AI models collapse when trained on recursively generated data
Overall intuition about “model collapse”
- Many see the result as intuitive: LLMs are lossy compressors of their training data; recursively training on their own outputs further erodes information, especially in the tails of the distribution.
- Analogies used: photocopies of photocopies, VHS/JPEG re‑saving, echo chambers/navel‑gazing, inbreeding/incest, “breathing your own exhaust.”
- From a control‑theory / Markov‑chain perspective, unconstrained feedback loops are expected to drift and lose diversity or stability.
Synthetic data: good vs bad use
- Thread distinguishes “indiscriminate” reuse of model output from deliberate synthetic data generation.
- Synthetic data is already used by major labs (self‑play, RLHF, prover–verifier setups, curated problem sets) and is reported to work when:
- There is a clear fitness metric or verifier (e.g., math correctness, human raters).
- Generated data is filtered, edited, or selected by humans or other models.
- Without such external feedback, synthetic data can only rearrange existing information and tends to smooth away rare but important events.
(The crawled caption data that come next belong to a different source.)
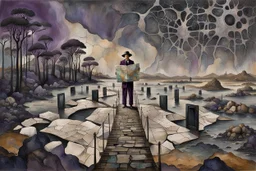 face to the camera in midle one alone human figure with a big map his hands in weird alternative clothes stands on the thin bridge , weird whimsical landscape, forest, and Sahara water and rocks,, around surreal cracked painted weird land with some black doors. dark purple, gray, black, white, brown. Whimsical style of Chagall , of Minjae Lee and Anton Semenov, lonely with absurd beauty. broken, weird bizarr,e absurd nightmare, neuron network background, surreal vibe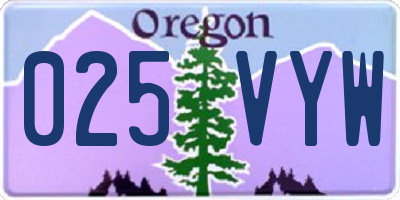 OR license plate 025VYW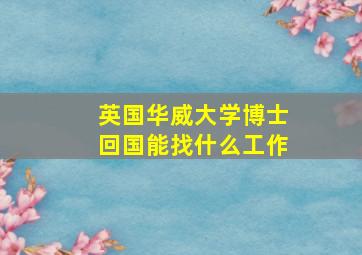 英国华威大学博士回国能找什么工作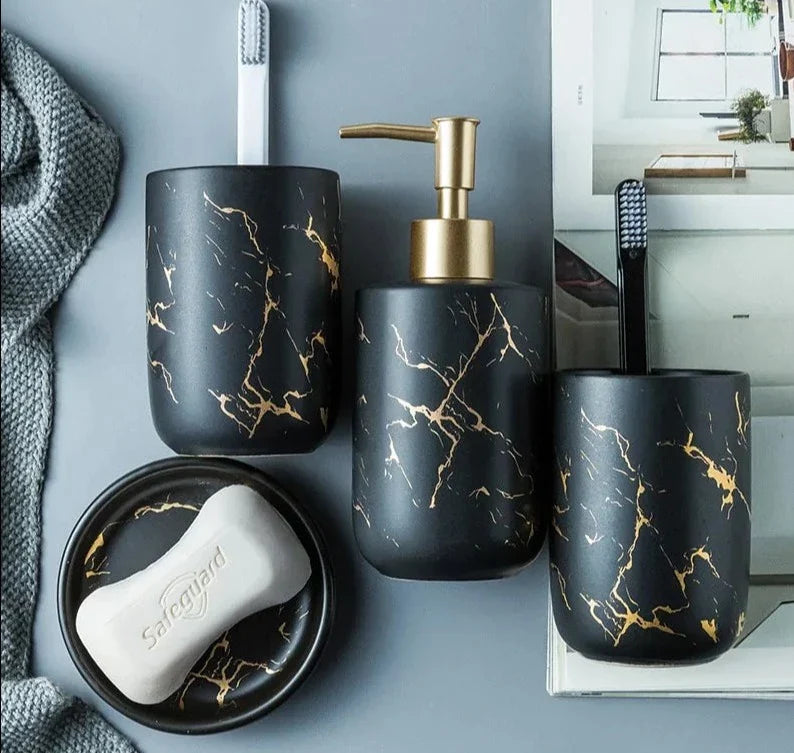 Marbled Ceramic Bathroom Set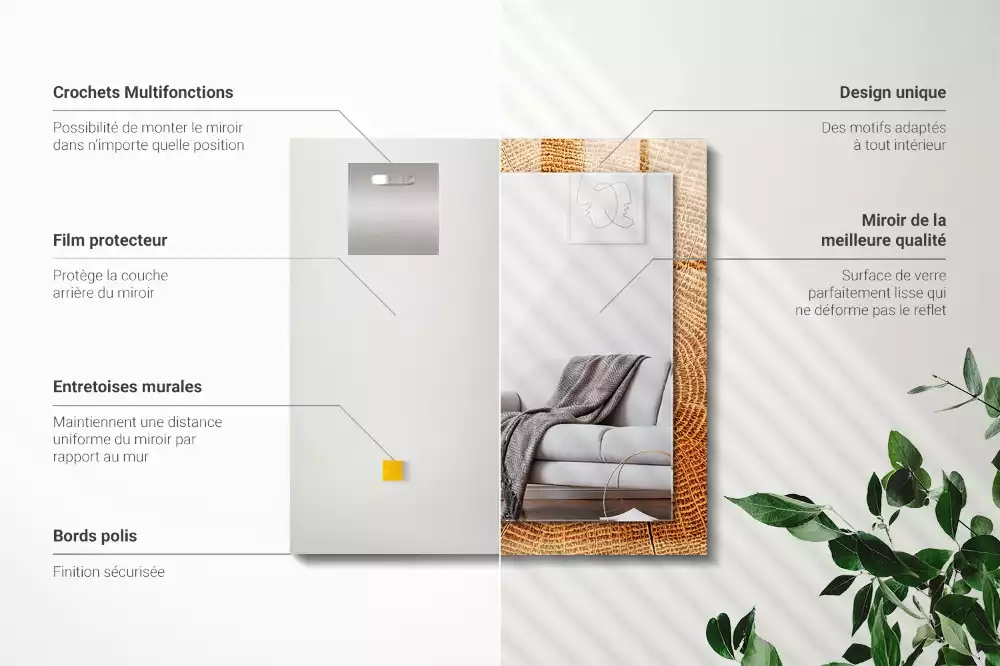 Espelho decorativo Corte transversal de um tronco de árvore com anéis de crescimento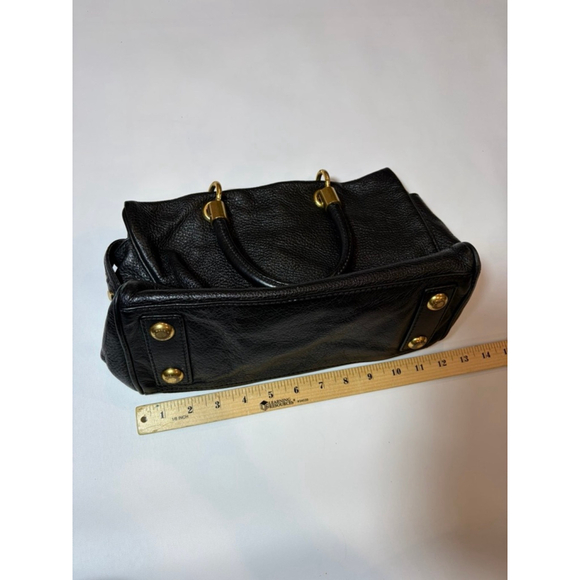 Marc by Marc Jacobs Black Pebbled Leather Satchel Tote Gold Hardware Bag - Picture 5 of 11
Web scraping and AI contamination
- Concern that future web corpora will be heavily mixed with LLM‑generated text, making “indiscriminate” scraping dangerous.
- Detecting AI content reliably is seen as unsolved; rough filters and “AI detectors” may help at aggregate level but are imperfect.
- Some argue high‑quality, licensed, and educational data are becoming more important than raw web crawl; others worry AI‑assisted writing will still quietly pollute even “professional” sources.
Critiques of the Nature paper and theory
- Several commenters argue the experimental setup is unrealistic: repeatedly fine‑tuning on a fixed synthetic dataset from the same model resembles catastrophic forgetting, not how modern labs use synthetic data.
- Statistical objections: claims that collapse is mathematically inevitable are challenged with counter‑examples (e.g., normal distributions), though there is debate about finite‑sample effects and variance drift.
- Some criticize the publication venue’s ML track record, calling the work more of a warning about naive practices than a deep, general theorem.
Mitigations and open questions
- Proposed mitigations: human‑in‑the‑loop curation, external ground truth, discriminators/verifiers, better quality filters, and maintaining a base of fresh human data.
- Disagreement remains on how serious “model collapse” is in practice: some think frontier labs already control it; others see systemic risks, especially for uncontrolled web‑scale training.